Lately Evie has just been on a drawing tear. It’s like she’s bound and determined to go through a ream of paper, churning out pages by the second. On the plus side, there are few uses of paper that are more appropriate (it certainly beats printing out directions or something). Not only does it keep her occupied for long stretches, but I can actually see her getting better.

It’s kind of interesting how her drawings of people change over time. They’re still circles with arms and legs, but little details here and there are filling in. They always have hair scribbled on top now. They used to not have any mouths, now they always have big smiles. Sometimes they get scribbles for teeth. She used to always do eyes as dots, but lately there are a few that have “eyeballs” on them. She always draws herself with blue dots for eyes. (“This one is you daddy, he has a red pimple on his nose!” – it was like looking in a mirror) There are other things too, like when she was drawing a “mommy and her little boy”, she drew a big person and a small person. So she’s experimenting with spatial relationships.

She’s also been writing a lot. She’s been able to write her name for a long time, but even that has improved lately, with better E’s and now she’s working on better V’s (she used to draw them with 3 lines, like a squared off U). She’ll get a new letter and work on it for awhile, like drawing entire pages worth of L’s.

She likes to “write” books which are a collection of a couple of pages of drawing, or write letters, which are pages and pages of letters repeated in a random order. The other day she was writing letters to her friends and putting them into a basket in Oliver’s room, which was the mailbox.

The only thing is that she doesn’t hold the crayon the way you should hold a pencil. Don’t mention it to her though! She gets very frustrated. She just wants to do her drawings or write her words, and not be bothered by holding the crayon any certain way. It’s not really a big deal, I just hate for her to learn how to draw all these letters, and then have to learn it again a new way later. However, for the moment, she just wants room (and paper) to draw. And I am happy to give it to her!

Monster

Evie has just been turning into a monster lately. She gets this look in her eyes, and you just know she is looking for trouble. She goes from one thing to another so fast, that you haven’t even finished telling her not to do something, when she’s already doing something else naughty.

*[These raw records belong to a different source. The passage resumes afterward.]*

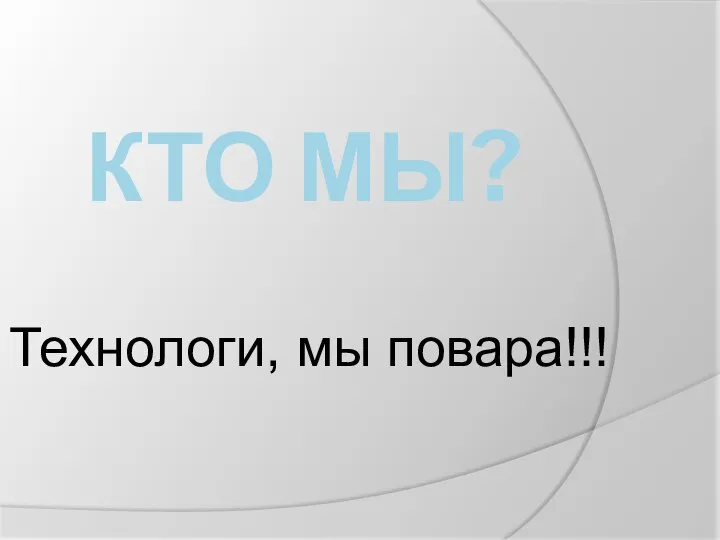 КТО МЫ? Технологи, мы повара!!!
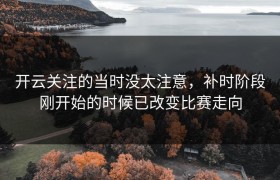 开云关注的当时没太注意，补时阶段刚开始的时候已改变比赛走向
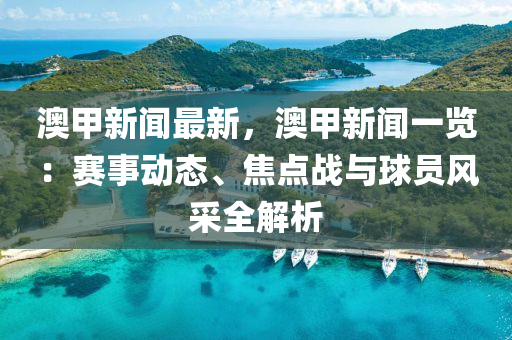 澳甲新闻最新，澳甲新闻一览：赛事动态、焦点战与球员风采全解析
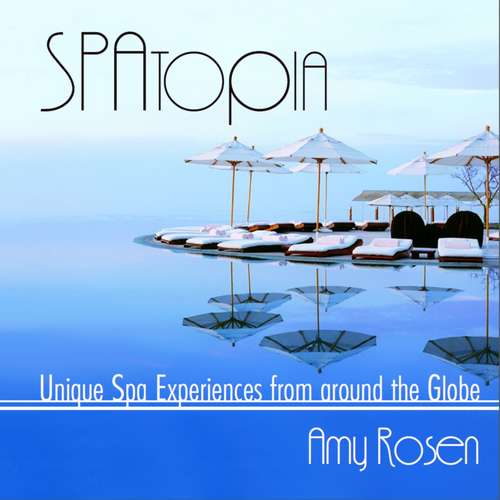Book cover of SPAtopia: Unique Spa Experiences from Around the Globe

It’s just so weird to see how she is so actively looking to be naughty. I’m not worried about it, I know it’s just a phase. Probably some combination of tiredness from not taking naps, just the age she’s at (the terrible 3’s?), and attention seeking due to all the changes going on, especially starting school. But it sure makes for a frustrating day! By the time she goes to bed, we’re exhausted.

Speaking of a turnabout, the other day we were at the 57th St. Children’s Book Festival, and there were costumed characters there. In the past, Evie has been terrified of such things. This time, however, Evie saw a character she couldn’t resist: Martha from Martha Speaks of all things.


We’ve read some of the books and she’s apparently seen it on T.V. (though I haven’t), but this is far from one of her favorite things. I wouldn’t have even recognized Martha, but Evie did and ran right over to stand next to her. She wouldn’t get that close, but far closer than she had ever been to a costumed character.

After that, it was like the floodgates broke. She proceeded to follow Martha and 3 other costumed characters the entire length of the festival. It was like a parade, with Evie in the rear. Every time they stopped she would sort of mill about with them, and then follow once they started again. Sara and I are in the back of every kid’s picture, since we were forced to follow along behind. When the characters got to the end of the festival and turned around to go back the other way, I literally had to grab Evie and pull her away. She looked and me joyfully and said, “We’re going back the other way!” She seriously thought she was somehow part of the fun with the characters, like she had to do her part.

Better than being scared to death of them I guess.